JIT: isolate JIT runtime symbols via explicit symbol mapping#812
JIT: isolate JIT runtime symbols via explicit symbol mapping#812LeeLee26 wants to merge 2 commits into
Conversation
|
Thanks again for the PR! Just to clarify, is #802 obsolete now with the introduction of this PR? |
|
I really appreciate for your follow-up PR. @LeeLee26 As I said #802, I am probably not familiar enough with this part of the JIT/runtime implementation to give a deep code review, so I tried to validate the behavior from the user side. MRE Result in 802== after import ==
dlopenflags: 2
RTLD_GLOBAL bit: False
GC_malloc: hidden
GC_init: hidden
GC_get_version: hidden
seq_alloc: hidden
== first jit call ==
jit result: 42
== after first jit ==
dlopenflags: 2
RTLD_GLOBAL bit: False
GC_malloc: hidden
GC_init: hidden
GC_get_version: hidden
seq_alloc: hiddenAs you said, yes, no longer symbols in Runtime Library are visible through dlsym. I also ran additional JIT probe that repeatedly allocates and resizes native codon types (list, dict, set ..), to exercise whether they work well without runtime symbols visible. MREfrom __future__ import annotations
import os
import sys
from typing import Tuple
import codon
@codon.jit
def mix(x: int) -> int:
return ((x * 1103515245) + 12345) % 2147483647
def py_gc_wave(rounds: int, width: int) -> Tuple[int, int, int]:
checksum = 0
max_set_size = 0
last_join_len = 0
for step in range(rounds):
# Many integer elements in a fresh list.
values = [((step * width + i) * 17) % 1000 for i in range(width)]

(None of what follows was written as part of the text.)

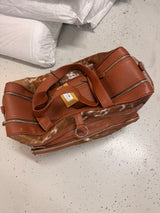 DENI Seconds | Faith Nappy Bag - Tan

# Another list built from the first one.
mixed = [mix(v) % 1000 for v in values]
# Dict with string keys.
table = {str(i): value for i, value in enumerate(mixed)}
# Set derived from the list.
bucket_ids = {value % 29 for value in mixed}
# Tuples that include ints, strings and bools.

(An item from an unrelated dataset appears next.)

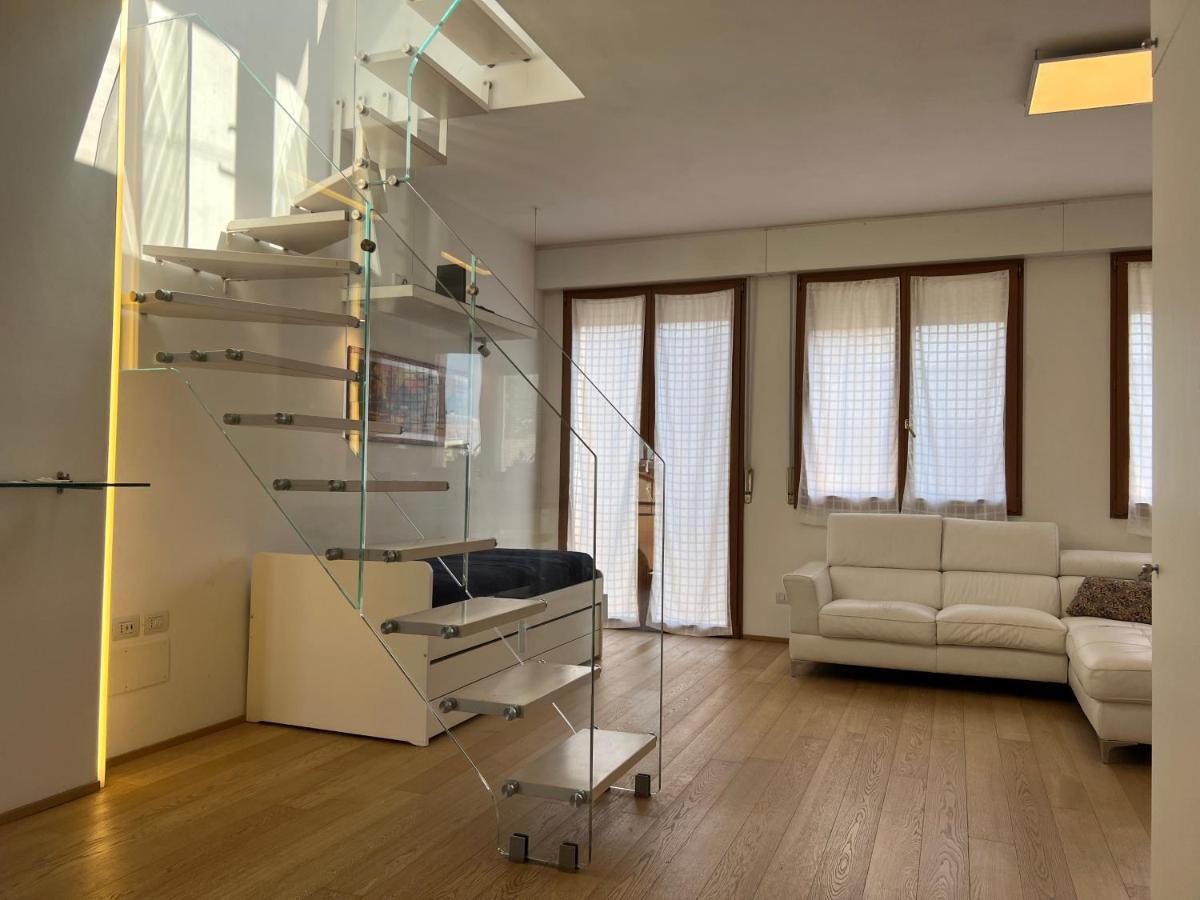 Apartamento Rooftop In Historical Center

triples = [(value, str(value), value % 7 == 0) for value in mixed]
# String creation / joining.
joined = "|".join(table.keys())
checksum += sum(mixed) + len(table) + len(triples) + len(joined)
if len(bucket_ids) > max_set_size:
max_set_size = len(bucket_ids)
last_join_len = len(joined)
return (checksum, max_set_size, last_join_len)
@codon.jit
def gc_wave(rounds: int, width: int) -> Tuple[int, int, int]:
checksum = 0
max_set_size = 0
last_join_len = 0
for step in range(rounds):
# Fresh list allocation.
values = [((step * width + i) * 17) % 1000 for i in range(width)]
# Another fresh list allocation.
mixed = [mix(v) % 1000 for v in values]
# Dict allocation with string keys.
table = {str(i): value for i, value in enumerate(mixed)}
# Set allocation.
bucket_ids = {value % 29 for value in mixed}
# List of tuples, with more string creation.
triples = [(value, str(value), value % 7 == 0) for value in mixed]
# Joined string from dict keys.
joined = "|".join(table.keys())
checksum += sum(mixed) + len(table) + len(triples) + len(joined)
if len(bucket_ids) > max_set_size:
max_set_size = len(bucket_ids)
last_join_len = len(joined)
return (checksum, max_set_size, last_join_len)
def main() -> int:
print("== environment ==")
print(f"python: {sys.executable}")
print(f"python_version: {sys.version.split()[0]}")
print(f"codon_module: {getattr(codon, '__file__', None)}")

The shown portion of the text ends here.